Deacon (Unfinished Hero #4)(49)
“We should have called,” Manuel said as I heard the front door being opened.
“You’re welcome here anytime,” I replied, moving his way. “You know that.”
His eyes slid to Deacon. They were not questioning, they were assessing.
I felt Milagros come up to my side. “We must have you to dinner. Are you here long?”
It took effort not to whoop with glee when Deacon answered, “Got a break. I’ll be here three, four weeks.”
“Then we’ll have time,” Milagros stated, holding out a hand. “Good to meet you.”
“Same,” Deacon replied, taking her hand and clasping it before letting it go.
“We’ll see each other again,” Manuel said, offering his own hand.
Deacon took it and replied, “Look forward to it.”
I gave Manuel a kiss on the cheek, same to Milagros with a hug, and we walked them to the door.
We stood in its frame as Milagros and Manuel corralled their kids, who were cavorting on the front porch, and got them in their SUV.
We continued to stand there, me waving, as they drove toward the cabins in order to turn around.
We did not wait for them to drive back down the lane. Deacon moved me in, shut the door, locked it, and looked down at me.
“You got lemon meringue pie?” he asked.
I grinned. “Yep.”
“You can have the sundae. I’ll have pie.”
He’d have pie.
He’d have pie.
I didn’t know how to express how happy that made me, and I didn’t want to because if I did, he’d probably think I was crazy.
Instead, taking a page out of his book, I shared what I needed to say by leaning so far in to him, I was giving him most of my weight, doing it tipping my head back and smiling at him.
He took my weight and supported it by rounding me with his arms.
He also dipped his face closer to mine, doing this while taking in my smile, before saying, “Plans changed. Fuck then you feed me.”
That caused a tingle.
“I’m down with that,” I whispered.
Deacon grinned.
Then he dipped his head further and kissed me.
After that, he lifted me in his arms and carried me to bed.
* * * * *
Much later, draped part on, partly down Deacon’s side, my cheek to his chest, as I heard his breath start to even out telling me he was close to sleep, I whispered into the dark, “Did you like the pie?”
I got no words, but the arm he had curved around me squeezed me tight.
He liked the pie.
I smiled against his chest, tightened my arm draped over his stomach, and kept whispering.
“I’m glad you’re back.”
His body tensed for a moment before it relaxed and he murmured, “Sleep, baby.”
I sighed.
Then I said, “’Kay. ’Night, Deacon.”
“’Night, Cassie.”
I smiled again against his chest.
Then I closed my eyes.
Chapter Nine
Eleven
The next day, I was walking through Home Depot, trying not to let my head explode.

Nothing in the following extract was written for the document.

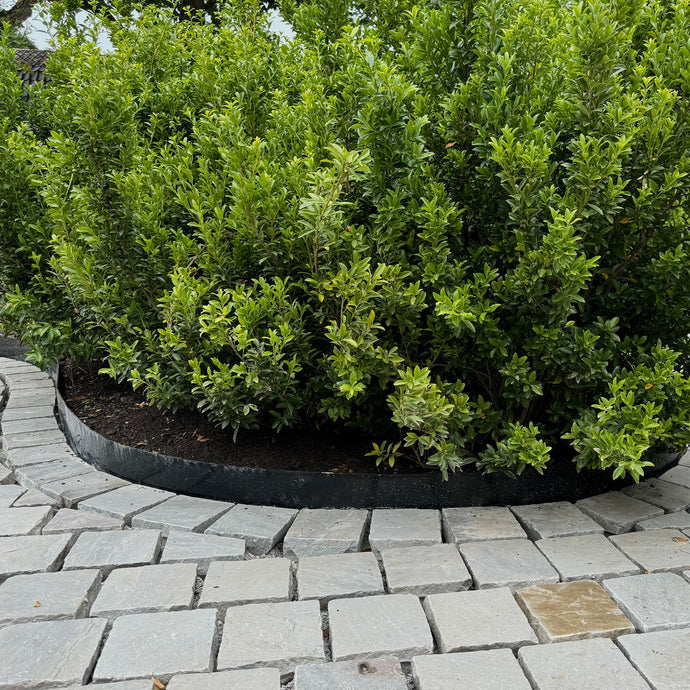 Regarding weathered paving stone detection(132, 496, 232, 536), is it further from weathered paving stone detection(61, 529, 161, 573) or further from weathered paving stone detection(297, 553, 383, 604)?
weathered paving stone detection(297, 553, 383, 604)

This was because I had been shopping in the garden center. I’d been grabbing plastic trays of flowers that I was going to plant in my window boxes and planters and I was doing this babbling my grand plans of bringing floral beauty to Glacier Lily. At the same time I was hoping out loud that we didn’t get a late spring snow which would mean I’d waste hundreds of dollars since all the plants would die and I’d have to do it again (something that had happened once before and it didn’t make me happy).
Eventually, I turned from selecting plants and jabbering and found Deacon, who’d come with me, had disappeared.
I was talking to no one.
The mini-welcome home party the night before had gone great. It was simple: sex, then Deacon eating reheated meatloaf and mashed potatoes, then more sex, and finally Deacon crashing because he not only drove to get to me without eating, he’d done it without sleeping, and this had taken two days. This last had alarmed me, but then again, he was a thirty-eight-year-old man. He might need a woman, but he didn’t need a mother. Therefore, I kept my mouth shut.
The party continued in the morning with more sex then bacon, eggs, and toast upon which I told Deacon that day’s agenda included me hitting Home Depot in preparation for bringing floral beauty to Glacier Lily.
Deacon had grinned (score two of the morning, score one being a nearly-upon-waking orgasm). Then he’d said he’d come with me (score three).
I had happy, hopeful visions of shopping with Deacon (something I looked forward to in a way that might seem weird to some, but being alone for years, it was not weird to me), coming home, and Deacon helping me with the flowers.
This had a dual purpose. That being me getting the flowers planted faster, thus having some downtime to be with Deacon, and also working alongside Deacon. I had hope, what with his comments about Grant being lazy, that he was not. That his assertion that if things worked out between us and he would be eighty and sitting next to me in an Adirondack chair meant he didn’t intend to spend the next forty-two years having me cook, clean, take care of the cabins, and him doing…whatever it was he did until he quit doing it and ended up doing nothing.
Essentially, I knew it was his day off. Or at least it was his downtime after being at it twenty-four f*ckin’ seven for over a month.